(Saved entries)
====

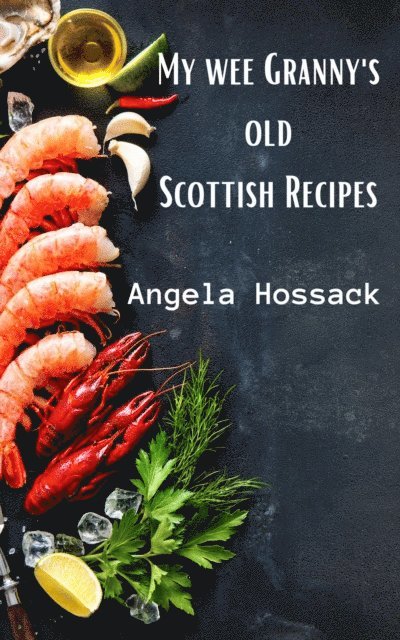 Angela Hossack - My Wee Granny's Old Scottish Recipes, E-bok. Tillgänglighet: Lägg i varukorg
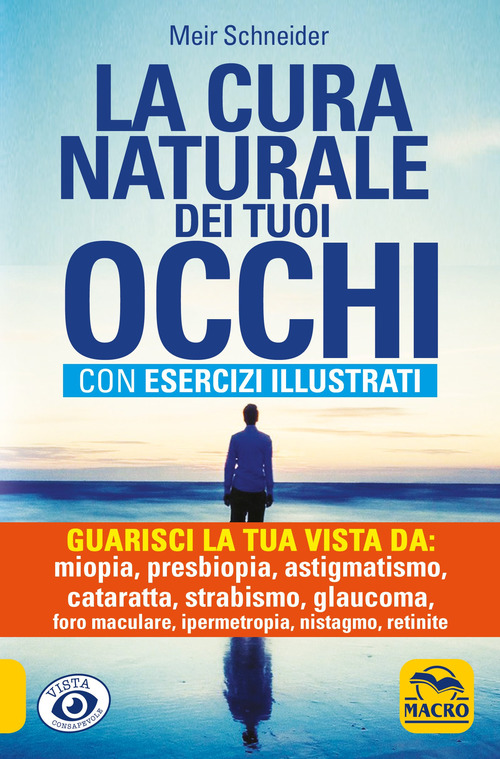 La cura naturale dei tuoi occhi. Guarisci la tua vista da: miopia, presbiopia, astigmatismo, cataratta, strabismo, glaucoma, foro maculare, ipermetropia, nistagmo, retinite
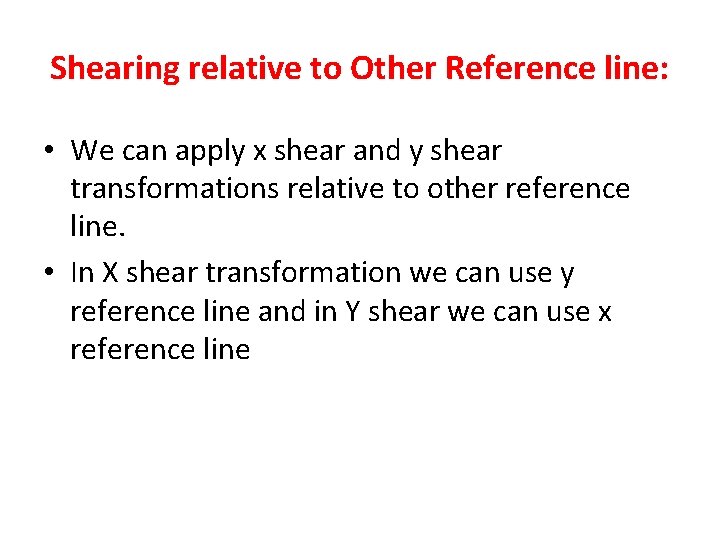 Shearing relative to Other Reference line: • We can apply x shear and y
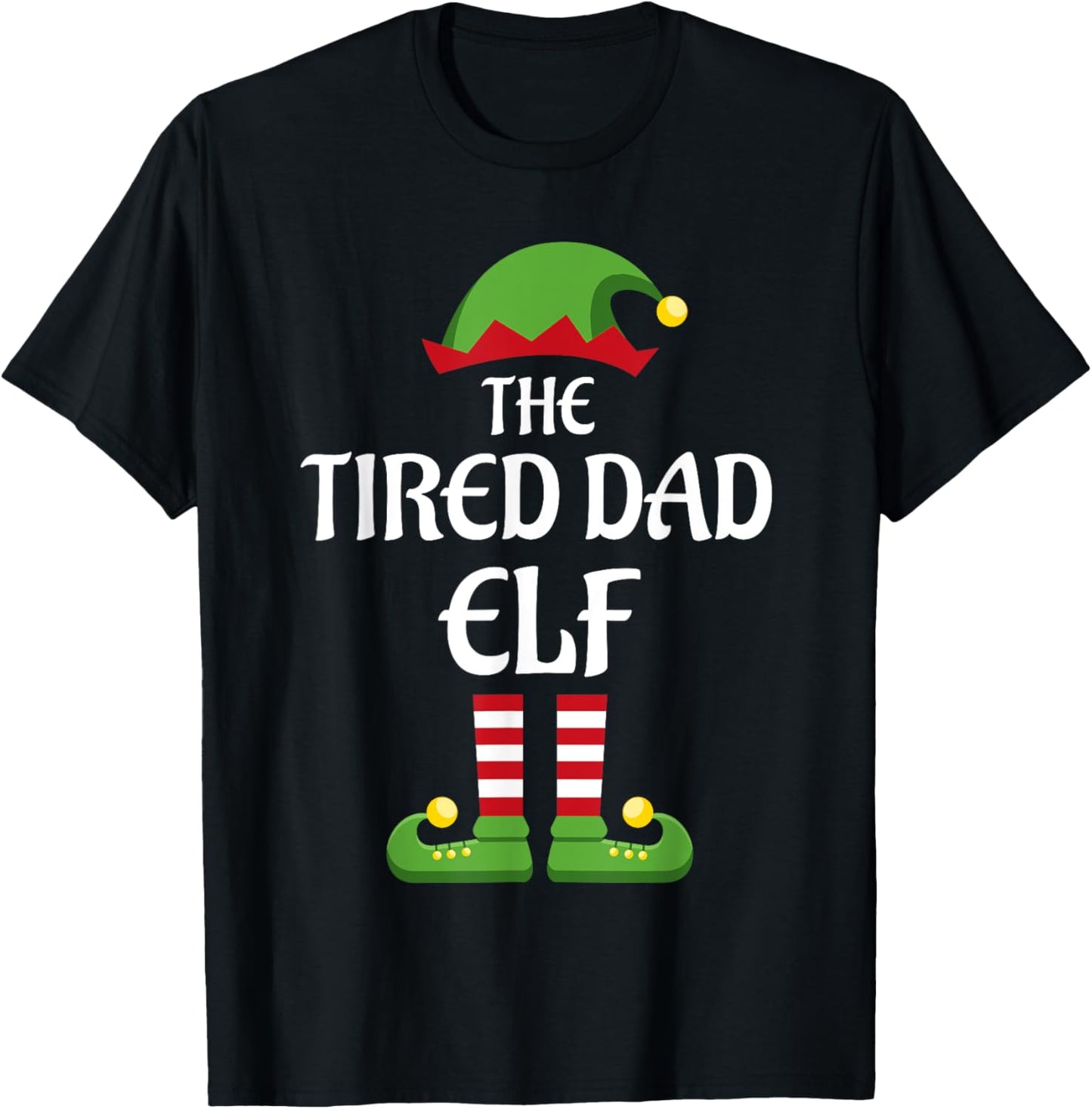 Tired Dad Elf Family Matching Group Christmas T-Shirt - T-Shirt | Black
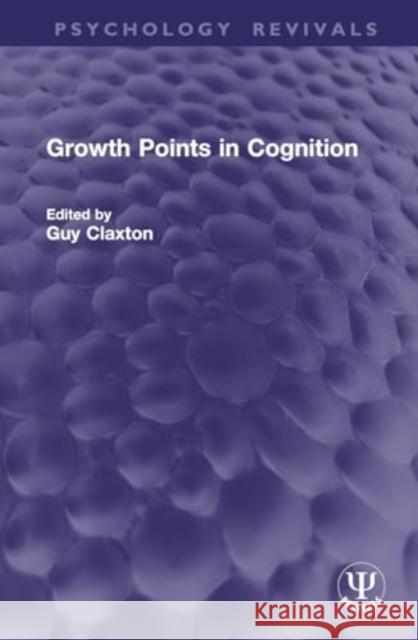 Growth Points in Cognition  9781032950273 Taylor & Francis Ltd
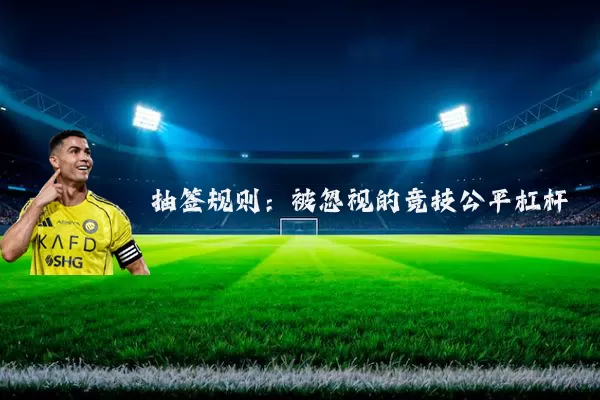 抽签规则：被忽视的竞技公平杠杆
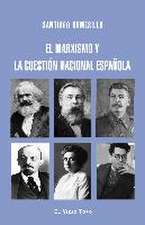 El marxismo y la cuestión nacional española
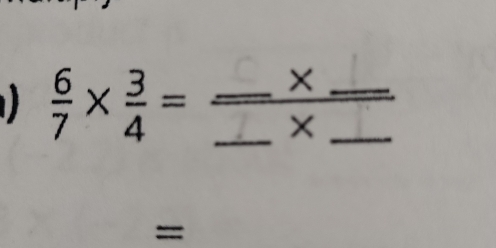  6/7 *  3/4 = ± 
==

====

REQUIREMENT: A faithful reproduction of every entry, with no pictures, is the expected answer.

WORKED SOLUTION:
 Angela Hossack - My Wee Granny's Old Scottish Recipes, E-bok. Tillgänglighet: Lägg i varukorg
 La cura naturale dei tuoi occhi. Guarisci la tua vista da: miopia, presbiopia, astigmatismo, cataratta, strabismo, glaucoma, foro maculare, ipermetropia, nistagmo, retinite
 Shearing relative to Other Reference line: • We can apply x shear and y
 Tired Dad Elf Family Matching Group Christmas T-Shirt - T-Shirt | Black
 Growth Points in Cognition  9781032950273 Taylor & Francis Ltd
 抽签规则：被忽视的竞技公平杠杆
 El marxismo y la cuestión nacional española
  6/7 *  3/4 = ± 
==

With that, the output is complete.